Ici il ne sera question que d’amour. Pour les mauvaises nouvelles, Petit Toumaï vous met les infos après les notes. Vous n’êtes pas obligés de les lire, il sera question de Kita et des sous-merdes niçoises qui salissent la mémoire d’Emiliano.
Malgré la fermeture insupportable de la Tribune Loire et les chants des Rennais (qui eux ont applaudi à la minute d’hommage à Sala, comme quoi on peut être rivaux et respectueux), la Beaujoire est pleine et Petit Toumaï n’avait jamais vécu une telle osmose avec les joueurs.
La Canaris Académie vole encore donc, et reste sur son nuage après la victoire en Coupe de France. Pourtant le derby s’annonçait compliqué contre les Rennais qui jouent la qualif en Ligue des Champions, jouent bien et sont au complet (à part Aguerd). La Canaris Académie s’avance avec des joueurs qui ont à peine décuvé. Pour Chirivella, c’est officiel, la saison est finie. Il a tout donné physiquement sur la finale, merci au petit Espagnol, qui va manquer au milieu de terrain. Tonton décide de faire tourner un peu pour donner du temps de jeu aux habituels remplaçants et reposer un peu les titulaires qui font redescendre la pression, dans tous les sens du terme.
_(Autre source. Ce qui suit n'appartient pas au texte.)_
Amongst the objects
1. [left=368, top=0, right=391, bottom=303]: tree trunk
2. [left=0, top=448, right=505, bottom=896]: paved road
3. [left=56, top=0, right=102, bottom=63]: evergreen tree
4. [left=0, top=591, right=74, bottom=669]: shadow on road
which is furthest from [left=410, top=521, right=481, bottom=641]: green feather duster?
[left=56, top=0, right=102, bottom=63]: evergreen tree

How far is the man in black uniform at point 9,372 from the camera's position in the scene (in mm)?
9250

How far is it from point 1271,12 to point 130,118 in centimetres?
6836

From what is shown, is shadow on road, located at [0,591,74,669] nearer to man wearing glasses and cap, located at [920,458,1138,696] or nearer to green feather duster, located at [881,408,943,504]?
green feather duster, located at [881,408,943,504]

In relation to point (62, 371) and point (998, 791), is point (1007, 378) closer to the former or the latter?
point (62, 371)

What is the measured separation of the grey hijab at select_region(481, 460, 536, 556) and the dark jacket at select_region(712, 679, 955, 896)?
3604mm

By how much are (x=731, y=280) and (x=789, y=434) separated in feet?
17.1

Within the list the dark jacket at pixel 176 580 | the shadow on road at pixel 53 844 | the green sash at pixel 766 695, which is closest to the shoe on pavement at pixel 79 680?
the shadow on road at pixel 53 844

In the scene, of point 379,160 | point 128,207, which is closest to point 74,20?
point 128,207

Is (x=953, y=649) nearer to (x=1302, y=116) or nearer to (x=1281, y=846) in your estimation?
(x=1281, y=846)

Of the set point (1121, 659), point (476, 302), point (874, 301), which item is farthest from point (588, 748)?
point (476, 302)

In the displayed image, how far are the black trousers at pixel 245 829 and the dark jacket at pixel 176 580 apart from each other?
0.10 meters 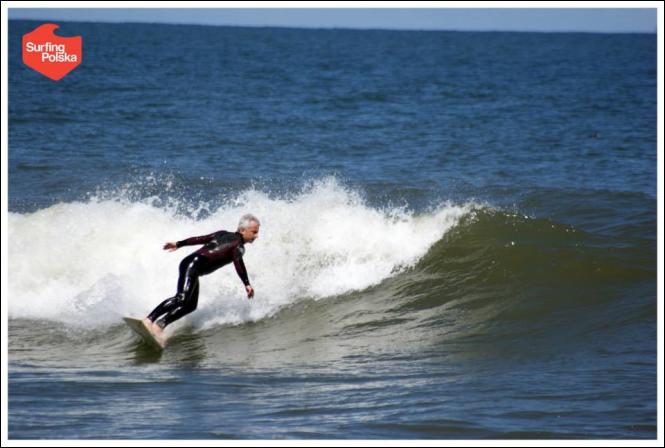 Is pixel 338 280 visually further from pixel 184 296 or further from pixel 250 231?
pixel 184 296

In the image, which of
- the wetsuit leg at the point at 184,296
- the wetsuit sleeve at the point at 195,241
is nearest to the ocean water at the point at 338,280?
the wetsuit leg at the point at 184,296

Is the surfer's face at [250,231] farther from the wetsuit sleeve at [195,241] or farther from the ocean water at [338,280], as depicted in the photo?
the ocean water at [338,280]

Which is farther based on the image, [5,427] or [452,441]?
[452,441]

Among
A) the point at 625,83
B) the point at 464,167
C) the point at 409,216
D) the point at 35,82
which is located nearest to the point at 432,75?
the point at 625,83

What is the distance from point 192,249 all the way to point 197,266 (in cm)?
280

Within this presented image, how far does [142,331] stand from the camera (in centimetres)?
872

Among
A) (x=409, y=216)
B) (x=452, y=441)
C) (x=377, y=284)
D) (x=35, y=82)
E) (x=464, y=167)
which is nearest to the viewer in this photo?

Tonton repasse à 4 en défense, Girotto étant suspendu c’est la doublette Casteletto-Pallois qui sera en charnière, encadrée par Corchia et Fabio qui rentrent dans la rotation, rotation qui s’applique également en attaque avec la triplette Bukari-Coulibaly-Geubbels chargée de faire la différence, soutenue bien sûr par Blas.
Ce qui donne donc la compo suivante :
Lafont
Corchia, Castelletto, Pallois, Fabio
Moutoussamy, Cyprien
Blas
Bukari, Coulibaly, Geubbels
Le match :
Petit Toumaï n’a pas envie que vous scrolliez trop donc il va aller vite sur le résumé. Les Canaris sont plein de bonne volonté mais assez émoussés donc c’est logiquement que les Rennais prennent les initiatives et se montrent plus dangereux. Après des premières incursions dangereuses et une frappe de Terrier bien sortie par Lafont, c’est Tait qui conclut une belle phase offensive rennaise (0-1,32e). Ça plombe un peu l’ambiance, mais les Nantais s’arrachent dans les duels et égalisent à la motivation grâce à une belle récupération de Moutoussamy, un débordement-centre fort de Bukari sur Coulibaly qui marque de manière improbable de la cuisse (1-1,45e). Déjà tu prends un but de la cuisse de Coulibaly, et en plus juste avant la mi-temps, logiquement Rennes ne s’en remettra jamais.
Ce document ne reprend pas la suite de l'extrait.